• [About this task]: Would you transcribe only the lines from the one holding "SEPTEMBER 29 - WFNM" through the end of the material, exactly, without any pictures?

:: Given information ::

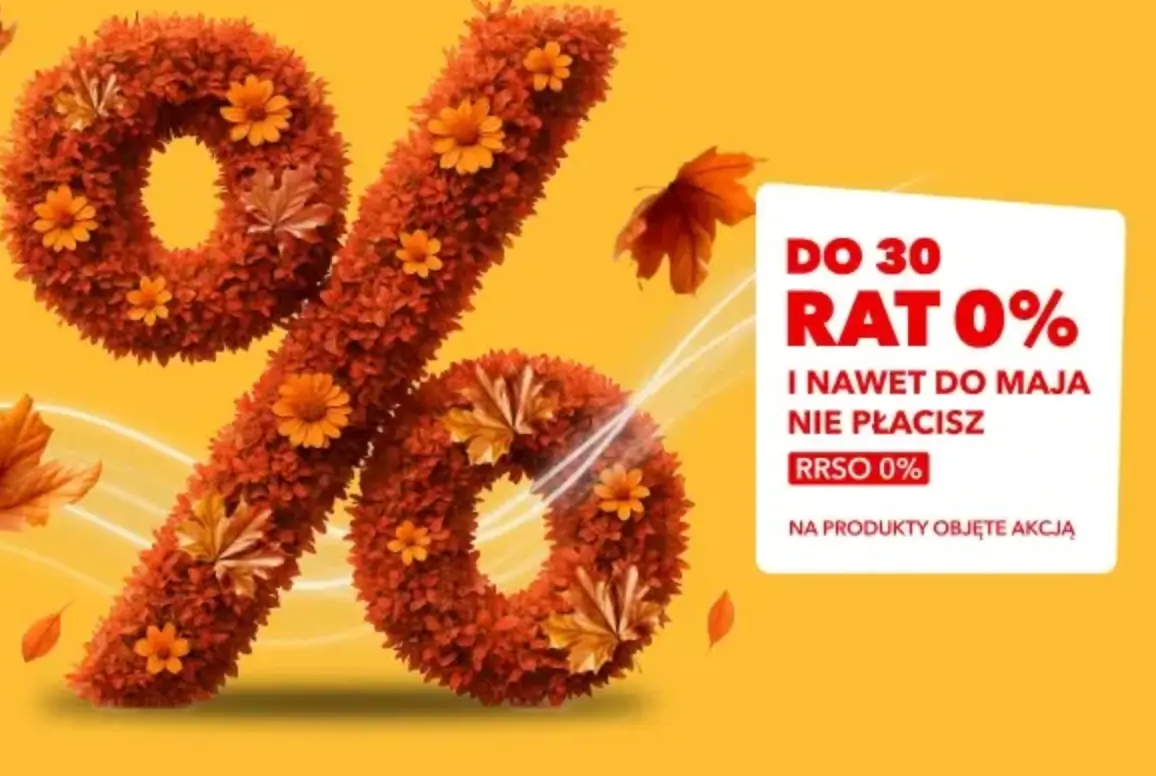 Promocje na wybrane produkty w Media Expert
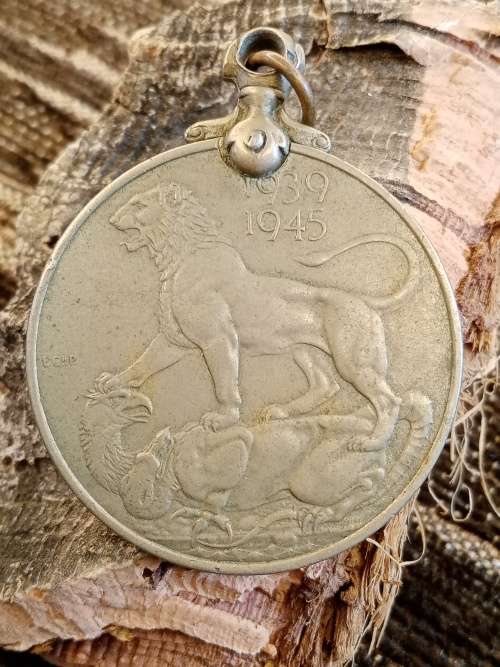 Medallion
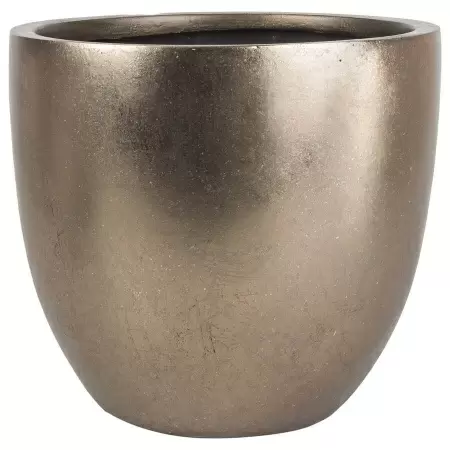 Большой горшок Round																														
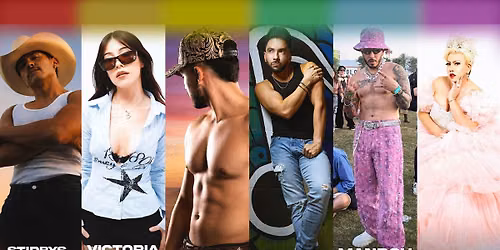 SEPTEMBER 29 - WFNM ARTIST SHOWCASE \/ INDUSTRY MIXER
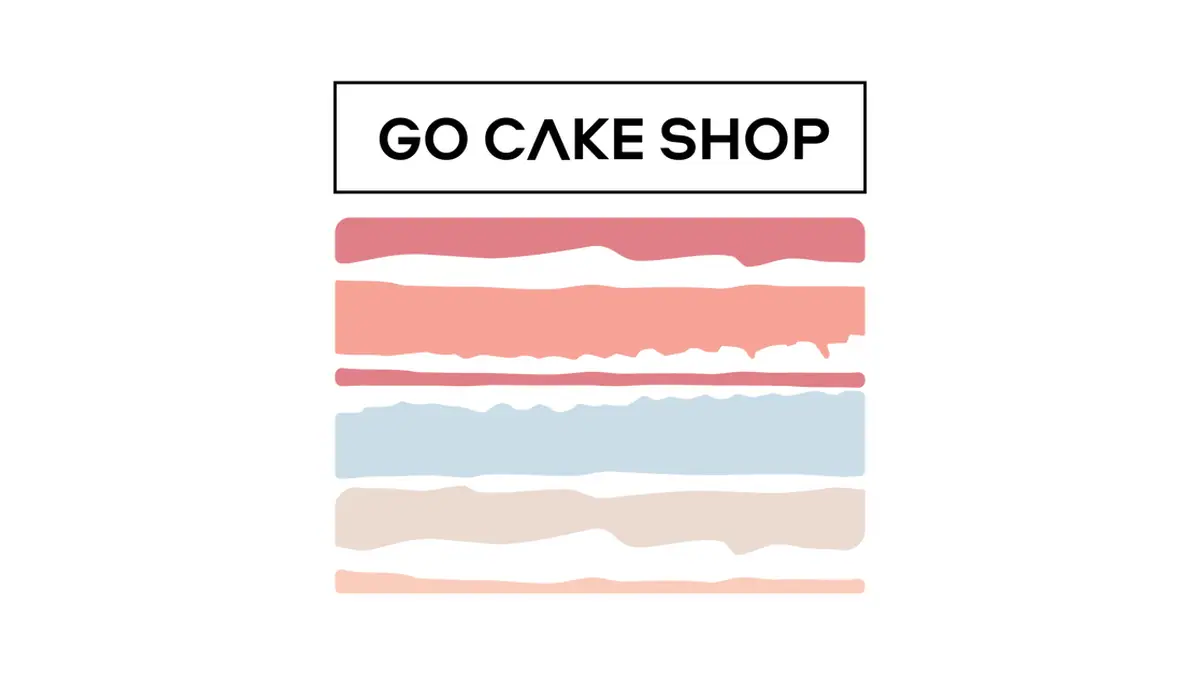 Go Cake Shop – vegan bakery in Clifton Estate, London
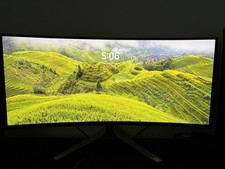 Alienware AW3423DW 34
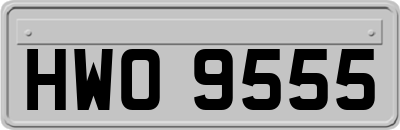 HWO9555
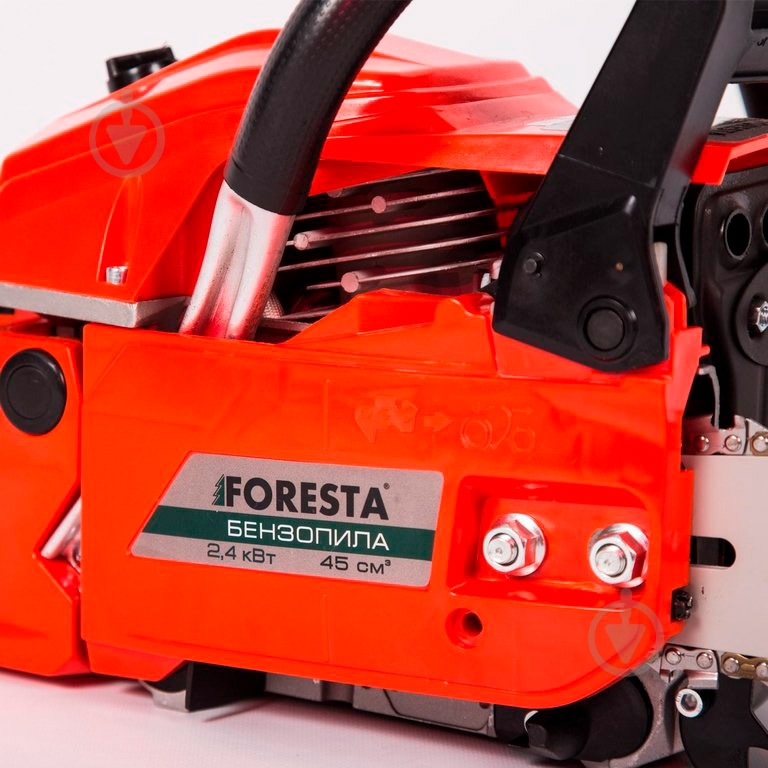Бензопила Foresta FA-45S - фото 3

:::

• [Answer below]:
 SEPTEMBER 29 - WFNM ARTIST SHOWCASE \/ INDUSTRY MIXER
 Go Cake Shop – vegan bakery in Clifton Estate, London
 Alienware AW3423DW 34
 HWO9555
Бензопила Foresta FA-45S - фото 3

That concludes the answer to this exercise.